REAL-TIME SLOTS: Self Inflicted
by John-Martin Meyer
February 2, 2009

Here's why the Las Vegas Strip is no longer recession proof
As
the post holiday Las Vegas Strip gaming statistics are being posted, the
results are falling in line with the current dismal national economic
environment. In the not so distant past, the Las Vegas Strip would have been
affected, but far shy of reaching the same levels as the “real world.”
This recent development
has the outsiders and analyst scrambling for causation. Their challenge
revolves around the manner in which they must acknowledge that they witnessed
the disintegration of the Strip’s economic foundation, and in some cases,
encouraged it. This paradigm change was out front in the open but instead of
speaking up about the king’s new clothes; the majority jumped on the bandwagon
and just called it, “Las Vegas
reinventing itself.” The foundation, to
which I’m referring, is the value proposition that once was Las Vegas.

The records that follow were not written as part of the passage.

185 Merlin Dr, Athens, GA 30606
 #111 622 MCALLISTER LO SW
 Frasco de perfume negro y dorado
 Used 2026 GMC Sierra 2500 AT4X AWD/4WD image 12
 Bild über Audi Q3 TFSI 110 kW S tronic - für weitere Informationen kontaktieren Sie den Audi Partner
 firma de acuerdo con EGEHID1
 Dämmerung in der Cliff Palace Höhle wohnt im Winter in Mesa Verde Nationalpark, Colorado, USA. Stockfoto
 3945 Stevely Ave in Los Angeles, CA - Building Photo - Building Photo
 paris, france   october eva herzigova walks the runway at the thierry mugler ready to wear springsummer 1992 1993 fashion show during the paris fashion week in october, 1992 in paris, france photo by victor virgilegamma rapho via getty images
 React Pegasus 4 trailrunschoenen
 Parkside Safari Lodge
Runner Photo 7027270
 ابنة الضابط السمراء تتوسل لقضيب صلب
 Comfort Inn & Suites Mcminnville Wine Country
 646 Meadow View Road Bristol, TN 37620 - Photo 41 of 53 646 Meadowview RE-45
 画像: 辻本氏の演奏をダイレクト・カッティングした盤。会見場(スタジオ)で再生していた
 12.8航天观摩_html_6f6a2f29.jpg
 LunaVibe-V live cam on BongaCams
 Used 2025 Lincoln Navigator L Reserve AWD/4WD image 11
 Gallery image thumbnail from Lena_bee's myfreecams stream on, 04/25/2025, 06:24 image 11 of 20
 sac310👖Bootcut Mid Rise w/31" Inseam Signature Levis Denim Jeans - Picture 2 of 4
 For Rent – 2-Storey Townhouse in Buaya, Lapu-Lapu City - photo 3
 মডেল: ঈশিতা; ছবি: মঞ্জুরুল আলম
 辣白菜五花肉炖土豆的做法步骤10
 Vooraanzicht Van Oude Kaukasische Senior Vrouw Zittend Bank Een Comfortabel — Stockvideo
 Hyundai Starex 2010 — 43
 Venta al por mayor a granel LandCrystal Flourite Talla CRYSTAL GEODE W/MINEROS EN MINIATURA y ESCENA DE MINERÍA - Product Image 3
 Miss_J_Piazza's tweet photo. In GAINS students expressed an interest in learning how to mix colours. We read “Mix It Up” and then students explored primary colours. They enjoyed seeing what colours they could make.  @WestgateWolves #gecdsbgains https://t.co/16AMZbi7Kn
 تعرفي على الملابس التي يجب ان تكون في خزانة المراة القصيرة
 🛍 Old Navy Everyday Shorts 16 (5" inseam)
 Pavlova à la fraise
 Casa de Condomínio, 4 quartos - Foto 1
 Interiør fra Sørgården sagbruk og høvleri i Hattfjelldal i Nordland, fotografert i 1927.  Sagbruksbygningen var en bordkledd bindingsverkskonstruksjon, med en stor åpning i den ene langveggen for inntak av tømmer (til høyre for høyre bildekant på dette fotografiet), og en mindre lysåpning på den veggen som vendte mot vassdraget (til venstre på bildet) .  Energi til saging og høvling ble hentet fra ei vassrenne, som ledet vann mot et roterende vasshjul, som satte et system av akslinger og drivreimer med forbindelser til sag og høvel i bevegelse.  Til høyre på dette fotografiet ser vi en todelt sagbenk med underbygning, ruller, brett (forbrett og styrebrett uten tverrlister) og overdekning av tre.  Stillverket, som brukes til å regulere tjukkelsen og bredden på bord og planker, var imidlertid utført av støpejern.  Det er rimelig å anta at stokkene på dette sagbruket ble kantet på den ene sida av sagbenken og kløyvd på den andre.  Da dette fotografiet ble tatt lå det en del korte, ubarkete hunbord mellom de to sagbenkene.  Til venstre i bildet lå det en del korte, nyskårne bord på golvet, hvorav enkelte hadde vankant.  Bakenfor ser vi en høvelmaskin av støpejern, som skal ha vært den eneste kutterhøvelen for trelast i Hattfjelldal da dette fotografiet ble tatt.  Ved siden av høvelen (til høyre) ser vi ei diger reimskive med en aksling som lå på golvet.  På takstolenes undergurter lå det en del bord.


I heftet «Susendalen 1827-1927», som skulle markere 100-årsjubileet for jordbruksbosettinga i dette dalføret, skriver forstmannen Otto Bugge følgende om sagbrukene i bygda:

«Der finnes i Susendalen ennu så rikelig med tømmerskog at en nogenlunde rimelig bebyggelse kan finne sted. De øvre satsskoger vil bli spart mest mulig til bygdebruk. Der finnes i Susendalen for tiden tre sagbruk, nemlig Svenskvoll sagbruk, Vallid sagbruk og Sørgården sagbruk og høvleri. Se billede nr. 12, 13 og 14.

The old; “take care of the
player and the player will take care of you” approach, or the, “never let them
leave empty handed” rewards programs, or the, “remember that we are in the
entertainment business, so make their gaming experience memorable and they’ll
keep coming back,” and the long lost, “no matter their budget, make them all
feel like high rollers.” This tradition
was quickly traded for short-term gains by those who were once
spectators.
As the resorts became more
elaborate, their corresponding debt servicing requirements increased, along
with the influence of those overseeing the finances of the operations. The turn
of the century brought the most significant change in Las Vegas management roles. The accounting
and finance executives emerged from the shadows of the very important roles of
safe guarding company assets, to dictating operational doctrine. Those who have
never sat at a table with a blackjack player, or walked the floor shaking the
hands of the slot players, or had any direct customer service contact, were now
dictating limits on what was permissable,
to those who have spent careers building relationships and the Strip’s
image. Legitimately, there was a need
for a “reining in” of the complimentaries being extended a marginal few, but
the baby went out with the bath water.
What started as
well-thought-out programs, to create full customer profiles and to award the
appropriate levels of complimentaries, was then turned against their primary
function. At first, the players were not
very vocal and grudgingly accepted the changes. And that’s when short-sighted
decisions began to be made to tighten the screws a little more.
While this experiment
was evolving into policy, those operational staff members, in the trenches with
the guests, were shooting up flares of SOS.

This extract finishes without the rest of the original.